What's a Mylar Blanket and How Does It Work?
Mylar blankets have powerful heat reflective qualities that can be beneficial to anyone struggling with winter heating insecurities.
Derived from NASA technology, the common name for these sheets of foil is 'space blankets'. Also known as solar blankets, Mylar emergency blankets, they help people stay warm. They are efficient, light weight and reliable.
Mylar can reflect the wearer's body heat back
So, how exactly can a paper-thin sheet help hold in heat?
Manufacturers created the material by depositing vaporized aluminum onto a very thin plastic film. The resulting material is thin, flexible and thermal-reflective -- meaning it reflects heat. The aluminum helps redirect infrared energy. Depending on how the blanket is made, it can reflect heat away (that's how NASA used it to cool down Skylab), or it can reflect heat in (that's how it regulates body temperature). Sometimes called a passive warming system, space blankets assist the body in conserving that infrared energy.

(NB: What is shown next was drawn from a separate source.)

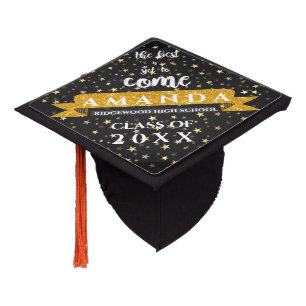 Toque De Diplômé Le Meilleur Est Encore À Venir Classe D'Or Noir D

Conduction is the transfer of heat or cold between two objects. For example, if you sit down on a pile of snow, your backside will get colder, and the snow will get warmer. With convective heat loss, however, the cold object is moving -- like a cold wind. The wind takes the warmth away from whatever it touches. The faster the object is traveling, the colder you'll get. You can help reduce convective heat loss by wearing layers of clothing as insulation. A space blanket forms a barrier between the wearer and the wind, providing insulation.
Lastly, we also lose body heat through radiation -- it simply radiates off our body. The reflective agent on space blankets -- usually silver or gold -- reflects about 80 percent of our body heat back to us.